Leaving Cape Cod and heading around (not through) Boston, we drove to upstate Vermont, enjoying the beauty of the mountains and trees. We learned in Shenandoah, and it’s been true ever since, that the trees’ leaves in the spring give a hint of what they will be like in the fall—some are light red now, others yellow, and there are many shades of green. So, while it’s not as dramatic as viewing the fall leaves in New England (which we’ve done before and it is spectacular), it’s been really a treat to drive through New England and enjoy the variety of spring colors. For those of you who already knew this information, remember that we are from Southern California, with only two seasons (wet and dry), and be gentle.
We’ve also noticed that spring is coming slowly to many parts of New England. Everywhere we have been, people have told us that this spring has been the coldest and wettest they can remember. We just tell them it’s our fault—historically on our vacations we’ve had rain (often when we’re on vacation, the locals will tell us it’s the wettest spring/summer/fall in ___ years). Watching spring progress throughout New England has been delightful, though we would have preferred it to be a little further along by the time we arrived!

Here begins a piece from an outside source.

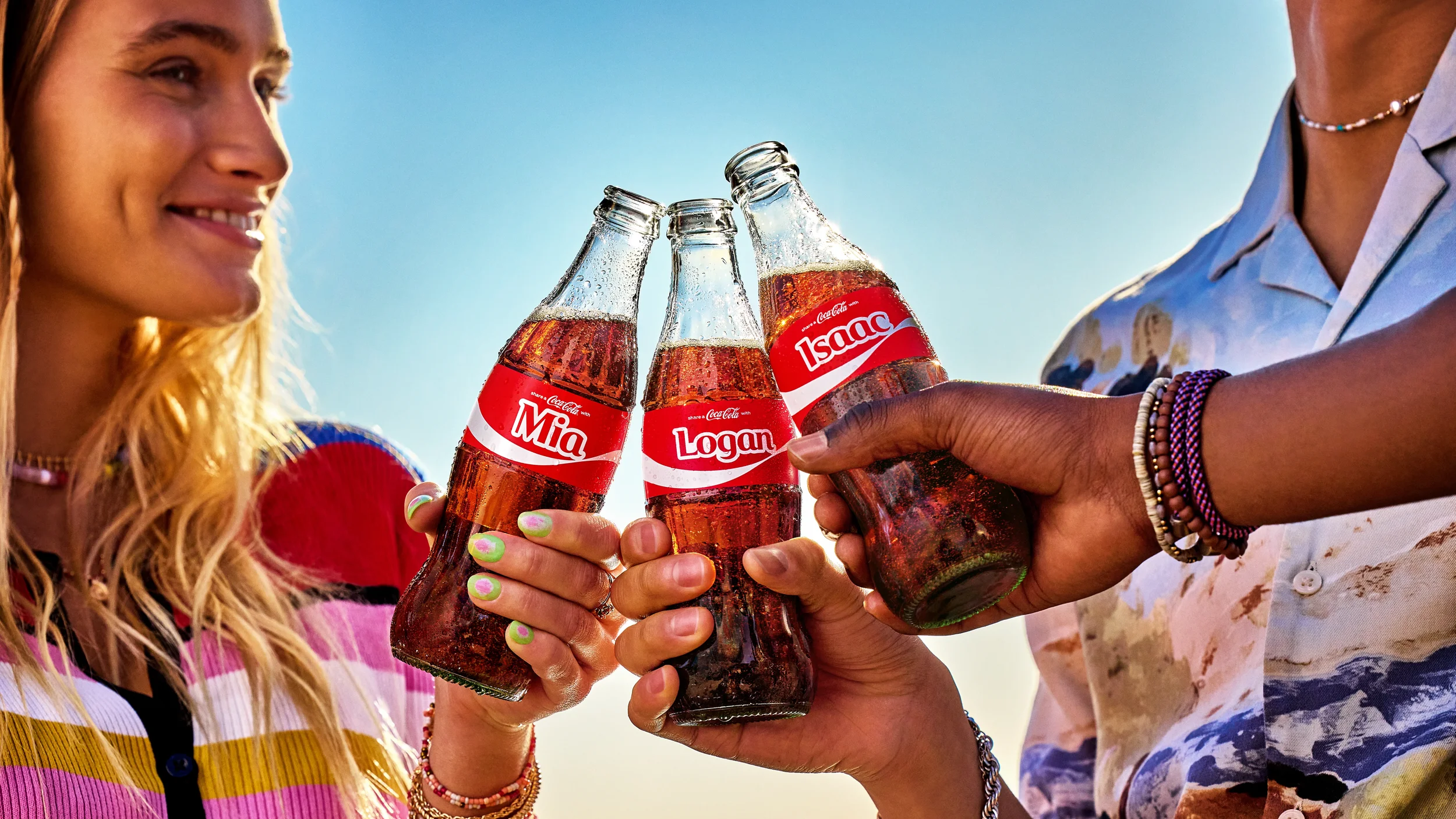  Three glass Coca-Cola bottles with personalized labels being clinked together outdoors under bright sunlight.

Our friends Duffy and Bernie shared their beautiful home and hospitality with us. Our motorhome couldn’t quite make it down their steep hill, so we parked at the top of the hill and stayed in their home (wow—a real shower for three days!), where we enjoyed watching deer and hummingbirds, while visiting and doing some work.
The cats took care of the motorhome in our absence and survived three nights without the electric blanket (no hookups, so no electricity for electric blankets). Yes, we do have an electric blanket for the cats because when they’re warm, they sleep better. And when they sleep better, I sleep better.

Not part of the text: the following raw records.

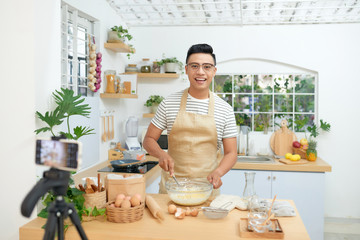 food blogger streaming live. man communicating with subscribers through phone camera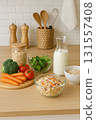 Fresh vegetables, grains and milk in kitchen 131557408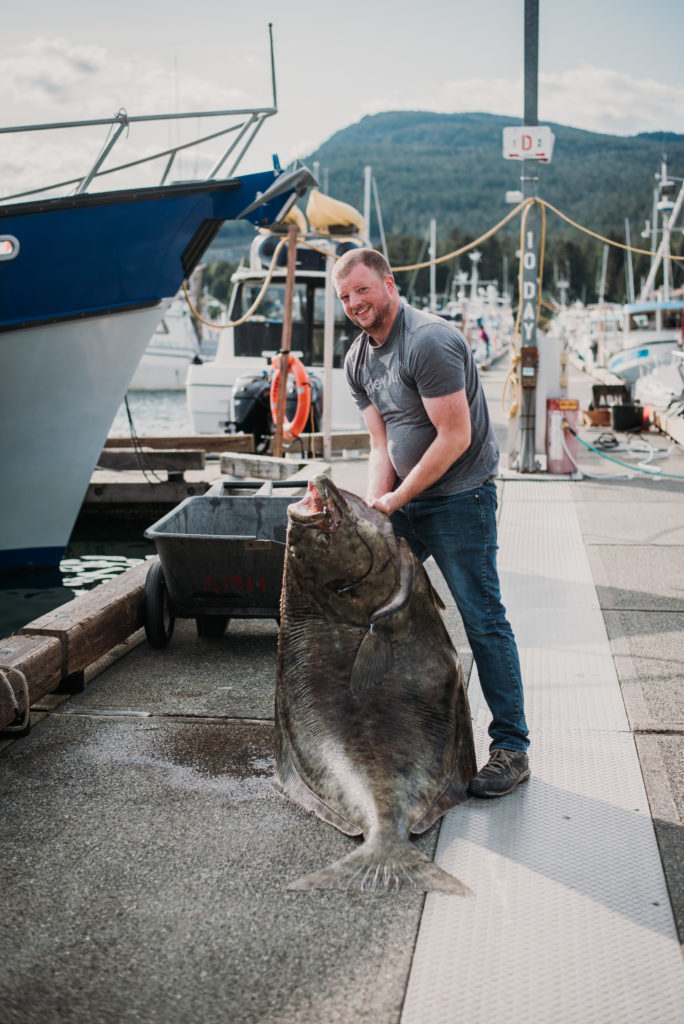 man lifting monster halibut on dock in juneau alaska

As we did in 2012, we ate our way through upstate Vermont, starting with the brewery at the Trapp Family Lodge (the hills are alive with the sound of music, beer and Austrian food)!
Yes, The Sound of Music family eventually settled in Stowe, Vermont, and now run multiple successful businesses there.
We did our first distillery tasting (vodka, gin, whiskey and bourbon) at Smuggler’s Notch Distillery, and then moved on to cheese and chocolate, which were more to my liking. (We had to skip the Ben & Jerry’s factory tour, however—we’ll save it for next time.)
We also enjoyed viewing the beautiful Vermont State House in nearby Montpelier. Did you know that Montpelier is the least populous state capital of all 50 states, with less than 8,000 people? (It’s amazing what factoids you pick up when you travel the country!) It’s certainly one of the prettiest capitol buildings we’ve seen.
Fortified with Vermont delicacies, we headed through the rain (again!) into the White Mountains of New Hampshire to cap off our first month on the road. Competing theories exist for why they are called the White Mountains—yes, they have a lot of snow on them in winter, but another theory is that the mica-covered granite of the summits looks white from a distance. We stayed in a lovely campground near the Presidential Range of mountain peaks, but the river was so flooded we had to abandon our “river walk.”
Our goal was to go to the top of Mt. Washington, with its highest-recorded wind speeds on the planet and its claim to “the world’s worst weather.” The auto road was closed for spring cleaning, so we drove the long way around to the Mt. Washington Cog Railway. We almost missed our train because of the goofy directions (thanks a lot, Google Maps and Apple Maps!), but arrived just in time for the 3-mile, one-hour trip to the top.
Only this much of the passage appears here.